Task to carry out - All lines from the one containing "Actress Simrat Kaur" through the end of the data below are to be repeated exactly, with pictures left out.

Data excerpts -
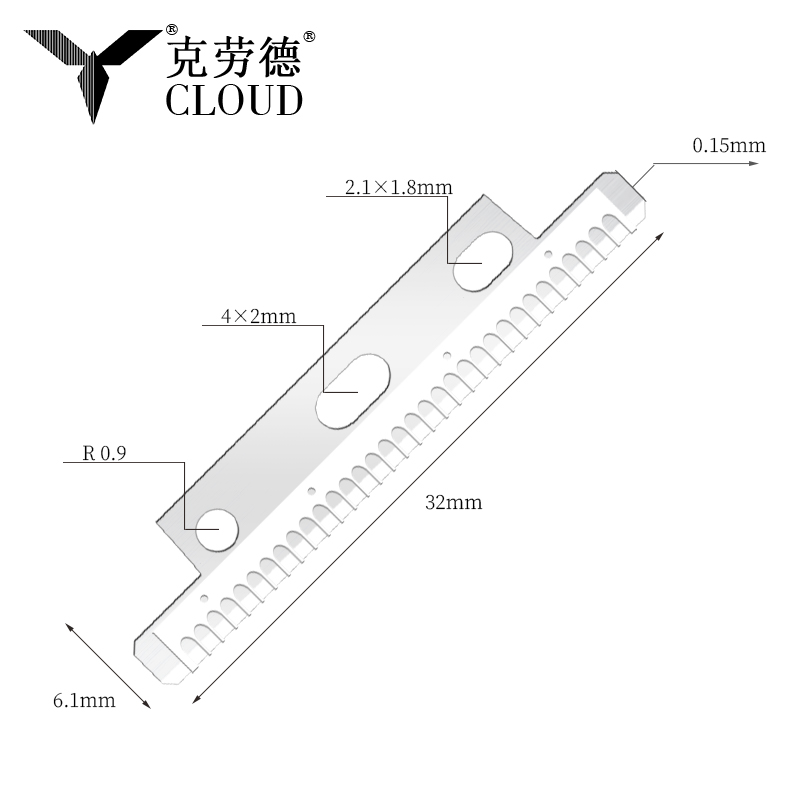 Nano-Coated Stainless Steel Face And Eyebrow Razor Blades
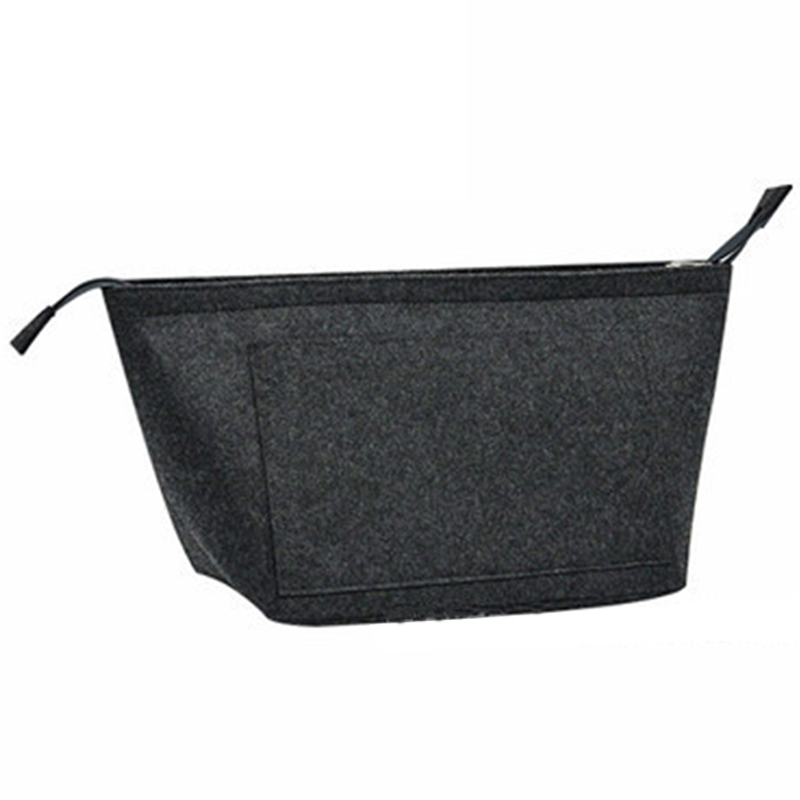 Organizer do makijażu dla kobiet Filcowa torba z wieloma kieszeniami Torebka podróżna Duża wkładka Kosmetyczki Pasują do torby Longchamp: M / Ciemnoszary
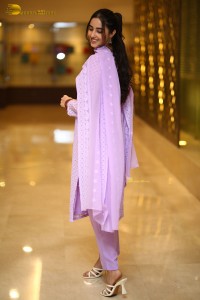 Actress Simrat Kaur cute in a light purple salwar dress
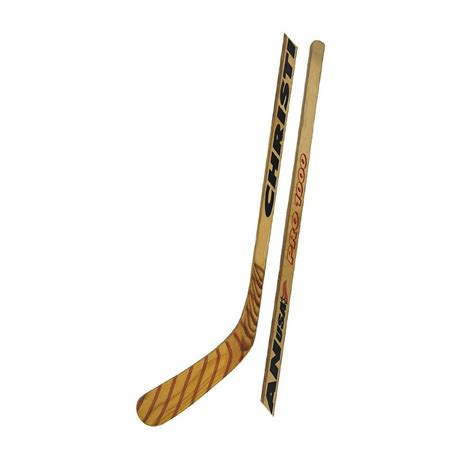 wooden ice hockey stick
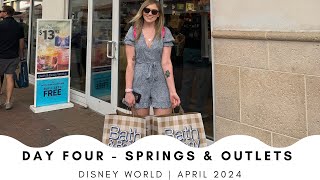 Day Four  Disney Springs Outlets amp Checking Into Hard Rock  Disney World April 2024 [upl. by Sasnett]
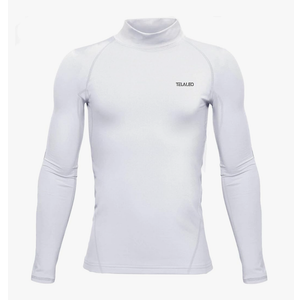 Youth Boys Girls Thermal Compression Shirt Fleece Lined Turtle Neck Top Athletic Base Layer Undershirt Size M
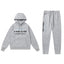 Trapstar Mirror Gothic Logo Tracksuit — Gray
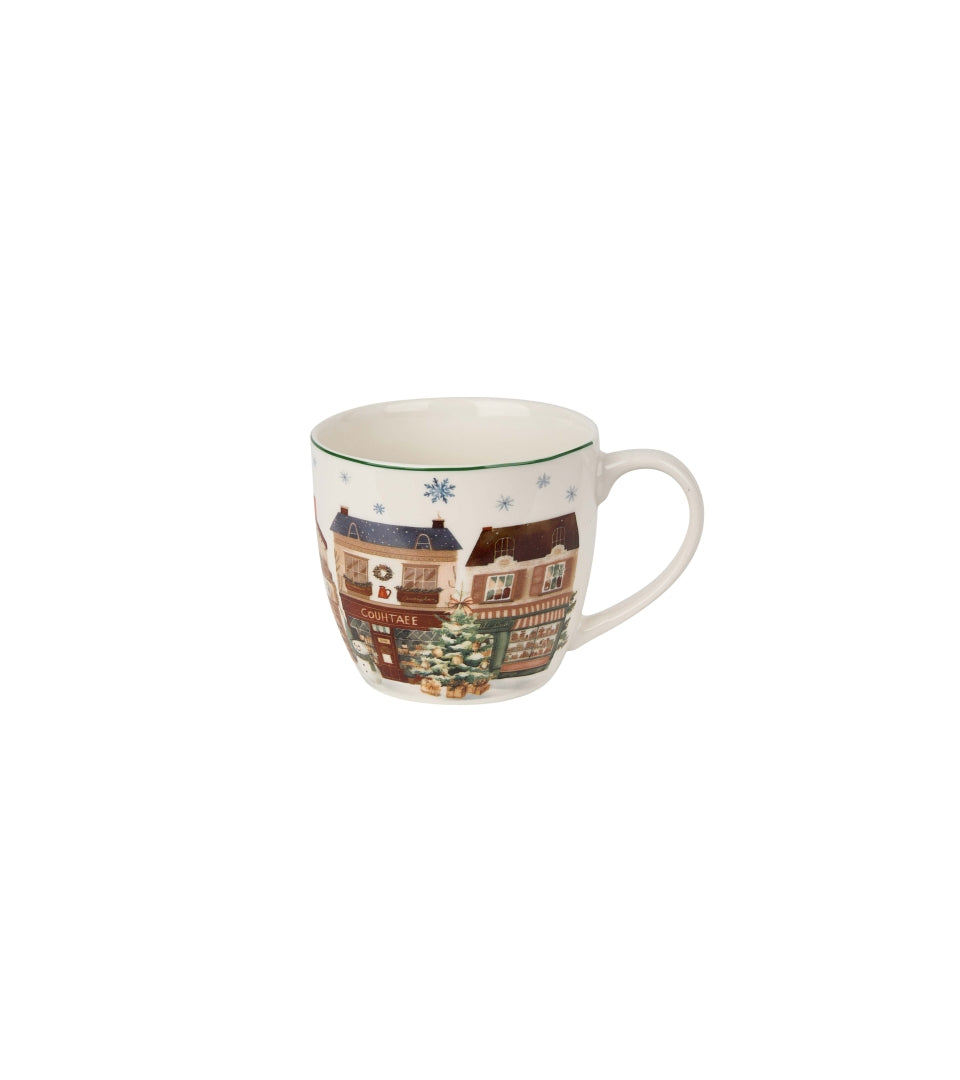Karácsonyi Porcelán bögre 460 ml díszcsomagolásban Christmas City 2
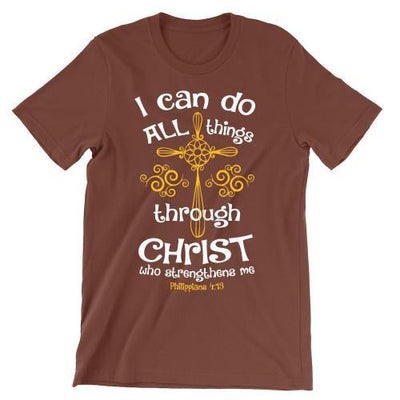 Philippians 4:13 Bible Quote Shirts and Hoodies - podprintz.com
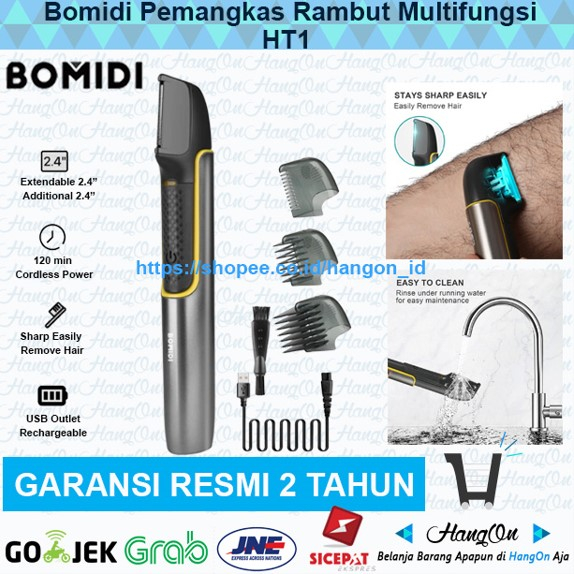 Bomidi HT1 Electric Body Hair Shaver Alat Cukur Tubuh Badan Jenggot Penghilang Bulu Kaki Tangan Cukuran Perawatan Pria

Solution to the problem -
 Actress Simrat Kaur cute in a light purple salwar dress
 wooden ice hockey stick
 Day Four  Disney Springs Outlets amp Checking Into Hard Rock  Disney World April 2024 [upl. by Sasnett]
 Youth Boys Girls Thermal Compression Shirt Fleece Lined Turtle Neck Top Athletic Base Layer Undershirt Size M
 Trapstar Mirror Gothic Logo Tracksuit — Gray
Karácsonyi Porcelán bögre 460 ml díszcsomagolásban Christmas City 2
 Philippians 4:13 Bible Quote Shirts and Hoodies - podprintz.com
 Bomidi HT1 Electric Body Hair Shaver Alat Cukur Tubuh Badan Jenggot Penghilang Bulu Kaki Tangan Cukuran Perawatan Pria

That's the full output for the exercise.